You would think that every job opening would be easily accessible for all Job Seekers.  This is especially true with the ability of technology to connect you with information to such a greater degree than past generations.  You can easily get a false sense that you have at your fingertips all the available openings, but that is hardly the case. The reality is that there is no one central database to find all the job openings, and a savvy Job Seeker knows where to go to find a larger number of the “hidden” positions.

The most obvious place to look for openings is the massive national websites that I am sure we can all easily rattle off.  These companies are usually owned by foreign investors and house open positions nationwide.  They tend to draw many Job Seekers due to their large advertising initiatives.  A savvy Job Seeker, however, will know that she/he should go far beyond these websites to find all the other opportunities that are out there.  They know that many organizations are either trying to avoid spending the big dollars to advertise on these sites (especially with the challenges presented by COVID-19), or wish to not have their opening “lost” amongst all the postings found on a national job page.

So, where else should a Job Seeker be looking and what else should she/he be doing to expand out their reach?   Here are just some of the avenues to pursue to uncover some of the harder to find openings.  Some require a little more effort and time than others, but all of them should be quite doable for a committed Job Seeker.

  • A local website, such as in our area, serves to connect local companies with area job seekers. Many local companies avoid the national websites because they prefer to spend their money supporting the region and connecting at a local level with area job seekers.  For a Job Seeker, you know that all the positions you are seeing on the website are local and have been posted by vetted area companies.
  • Social media has become a popular way for job openings to either be posted, or for word-of-mouth to spread about the opportunity. Make sure your connections know of your need for new employment, so they can forward you any new postings, or give you a heads up of anything they may have heard via the “grapevine”.
  • Commit some time and volunteer with area charitable groups. Doing this helps our community, provides you with some valuable content for your resume, makes you feel good during a time when you can probably use a boost, and exposes you to a new group to network with regarding your need for employment.
  • Use the area temporary placement agencies to get your foot in the door with a company. Often, a company will first go to an agency to fill a position in order to quickly secure the new opening and have time to assess how the person does in the job before hiring.  These open positions rarely get posted, so signing-up and making yourself available to a temporary employee is your only way to be exposed to them.
  • In this time of the Covid-19 pandemic, virtual job fairs have become extremely popular, with many of them hosted by the employer themselves. Check the home page of and you will see several upcoming Virtual Job Fairs by area companies.  These companies most likely have multiple openings, but probably are not advertising each individual position.  This is, therefore, a great way to identify a company you wish to work for and then be exposed to multiple opportunities.
  • Good old fashioned “word of mouth” networking still can prove to be remarkably effective. This can consist of finding out about an opening prior to it being widely posted due to knowing someone within the company.  It could also be getting the inside “scoop” on some upcoming hiring, allowing you to send a resume in advance.

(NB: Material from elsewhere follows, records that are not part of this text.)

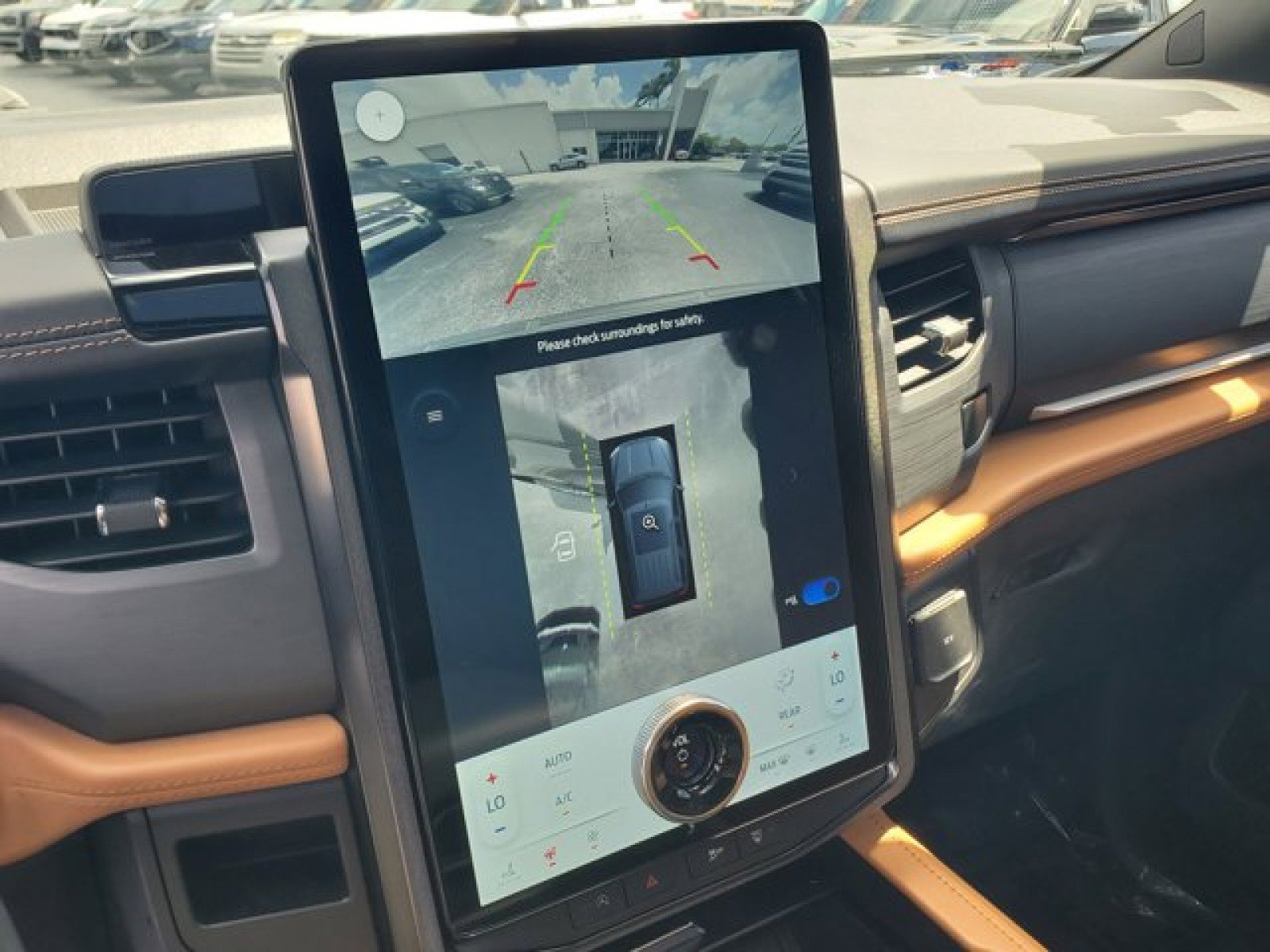 Certified 2022 Ford Expedition Max Platinum RWD image 24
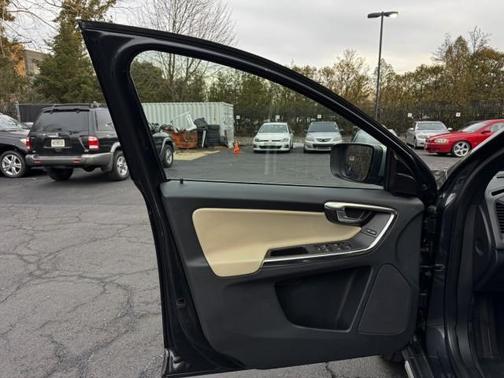 2013 Volvo XC60 T6 R-Design Premier Plus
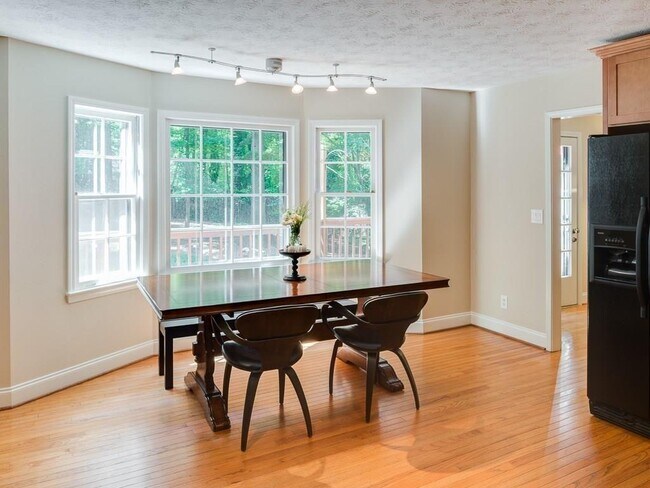 Building Photo - 5216 Willow Point Pkwy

An obviously essential part to landing your next position is to know that it is open.  This requires you to not only utilize the most obvious ways to learn of new openings, but also avenues to uncover the harder to find postings.  The more digging that you do will reveal a greater number of opportunities and increase your odds of finding the right one.

As always, best of luck in your job search.

The following has been prepared for the general information of WNYJobs readers. It is not meant to provide advice with respect to any specific legal or policy matter and should not be acted upon without verification by the reader.